So now the player has been told that the ugly ''swamp of doom'' (c) is at (x,y) on the map and the nasty jhxkrqz[(c)Dwarfsoft 2001] people are likely to smite our hero back to the nether-realms which spawned them. Our hero is now likely to think ''ah, the game wants me to get into this slimy mudhole and do some smiting of my own''.
Thus, the problem that is faced is how to relevantly warn a player where they should NOT go, without actually driving them to the aforementioned place.
Q. Dwarfsoft, What is the purpose of this "swamp of dread" . Why is it dangerous and what is the purpose of trying to make the player worried by what it contains?
Is it to have it as part of the plot, ie. if the containment barrier of the T-Rex pen is broken there will be big trouble. ?
Is it to make them worried by it until they have the powers to deal with the threat.. ie. a cloak of invisibility which allows them to sneak through the "Super mutant" fortress, but doesn''t give them the power to destroy the threat. Ie. They have to be careful not go give their position away with noise / footprints in water...
If you want to make them fear something, maybe have it affect things that they care about.. ie. it will eat their friends, break their prized Minigun...
In the context of RPG''s and FPS''s I think the best way to inspire fear is mainly through NPC AI. What you need to do is limit the players senses, and then add some(very few) NPCs who have AI that would make them hunt the player. I think this is a technique used all the time in movies and books... If the player is being hunted, he needs to look around every corner; he needs to pay close attention. I liked the idea someone made about the monsters playing with the player before they kill him. Perhaps sometimes the player would know about the hunter, sometimes not. But you could give clues like footprints and whatnot.
If the player senses or feels that someone or something is watching him, he will be more tense, and, when this monster finally jumps out and attacks him, he will be genuinely scared.
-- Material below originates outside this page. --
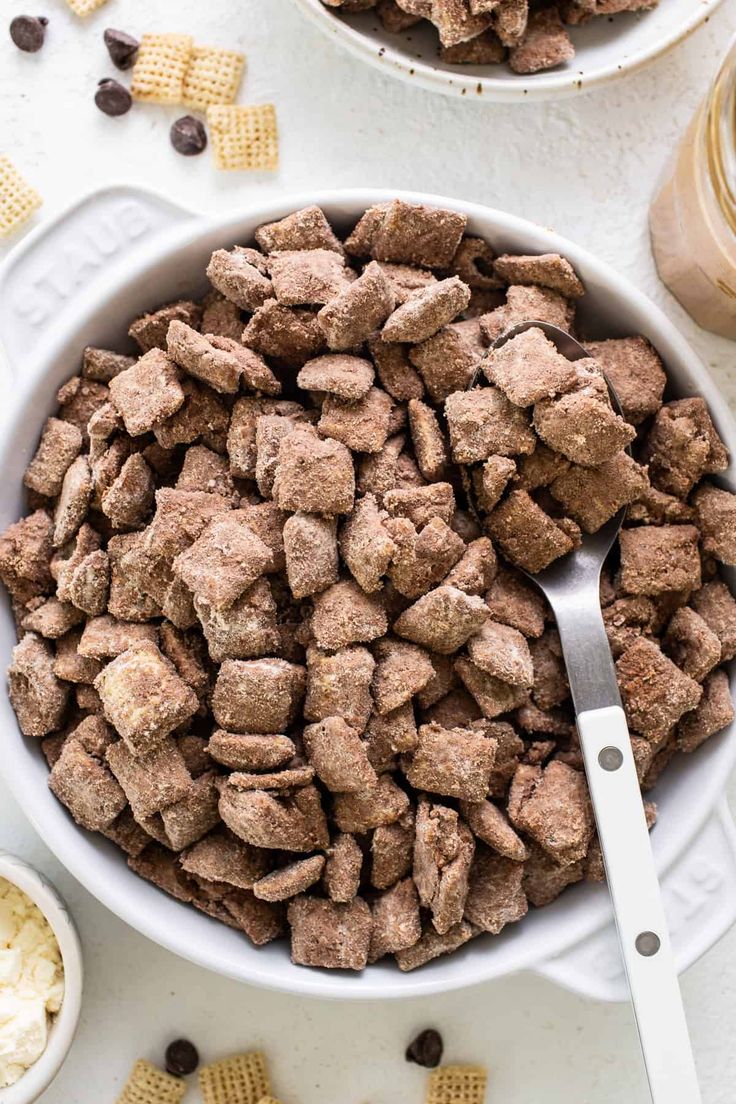 two bowls filled with dog food next to a bowl of corn chips and a glass of milk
As for implementation... For starters, you could simply have the monster follow the player and decide whether or not to attack. This would mean that the monster might watch the player pass 5 feet infront of him without attacking just to inspire fear.
Anyone ever played the original Alone in the Dark? Aside from being based on the writings of H P Lovecraft, which are unsettling enough by themselves and a must read for any self respecting game developer, it demonstrates some of the best ways to scare a player in a supernatural game.
Warning:this post contains examples which will act as spoilers.
In my opinion, the best way to scare a player is this: Have them enter an area which could be dangerous, then check it over for danger thoroughly, and satisfy themselves that is is safe. Then they get settled in, and suddenly something happens to make that location become dangerous. This can be as blatant as having the player leave a companion there, and return minutes later to find them slain or vanished, or as subtle as returning and finding an object moved slightly, a window open, a lamp lit or extinguished, or a book previously closed opened at a certain page, by an unseen intruder who may or may not be still there, hiding. The room suddenly becomes dangerous, and the player is startled by this. Previously the situation was known: This room is definitely safe, all the others aren''t. Suddenly everything is unknown, and all rooms must now be suspect. It is the fear of the unknown which is the most powerful kind, especially the very suddenly unknown.
An example of this (*SPOILER ALERT*) is on the second floor landing of the Derceto mansion in AITD. Carnby, the hero, walks down a flight of stairs, through a visibly empty room, and out onto the landing. From here he proceeds into another room, and all of a sudden he is being silently followed by a zombie from the very room he just passed through. The shock is further increased by a special overhead camera angle as this happens, which has a very claustrophobic, confining effect.
Furthermore, there is another exit from this room, leading into a very dangerous area. If the player runs into this area and encounters an unstoppable monster, he will immediately attempt to retreat to the last room - which is suddenly occupied by the zombie following him. The zombie is extremely easy to kill, but the shock of its being there is enough to miss a heartbeat.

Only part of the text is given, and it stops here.